Lee et al.32) utilized finite element software to simulate the ultrasonic welding process for multilayered laminates. They analyzed a combination of three 0.2 mm thick copper sheets with a 1.0 mm copper sheet and another combination of three 0.2 mm thick aluminum sheets with a 1.0 mm copper sheet, aiming to simulate temperature distribution and deformation. They found that as the number of foils increased, misalignment between the sonotrode and the workpiece occurred. Frictional heat was highest closer to the sonotrode’s upper surface. Thin copper sheets reached a peak temperature of 400°C, approximately 100°C higher than the aluminum sheets, primarily because copper sheets have a friction coefficient of 0.30, lower than the 0.73 of aluminum sheets, leading to higher frictional energy consumption during ultrasonic welding. While these values are merely simulation estimates, experimentally measured friction coefficients provided scientific insights into the multilayered laminate ultrasonic process. Despite the existence of several numerical analyses on ultrasonic welding, there’s a noticeable deficit in simulations concerning multilayered laminates and dissimilar metal ultrasonic welding.

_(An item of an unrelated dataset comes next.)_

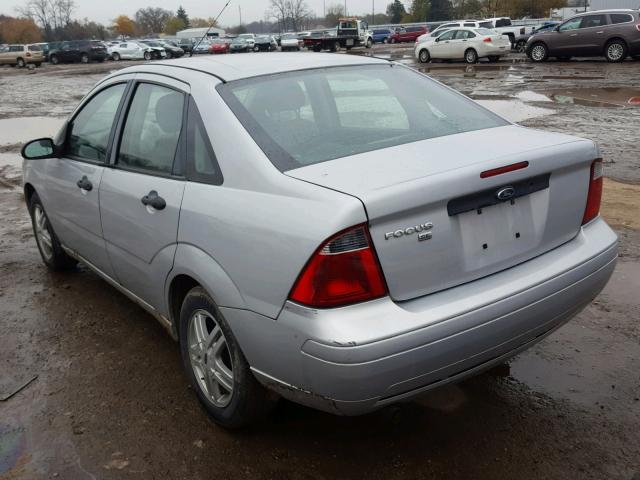 1FAFP34N57W248528 - 2007 FORD FOCUS ZX4 SILVER photo 3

Besides simulation studies, Kang et al.33) investigated the energy loss rate due to resonance in battery cell ultrasonic welding, emphasizing that it is significantly influenced not just by process variables but also by the vibrational characteristics of the welding components and fixtures. Additionally, they developed a vibration model for the battery tab, thoroughly reviewing the impact of both longitudinal and transverse vibrations from the sonotrode horn on the metallurgical and mechanical properties of the battery tab.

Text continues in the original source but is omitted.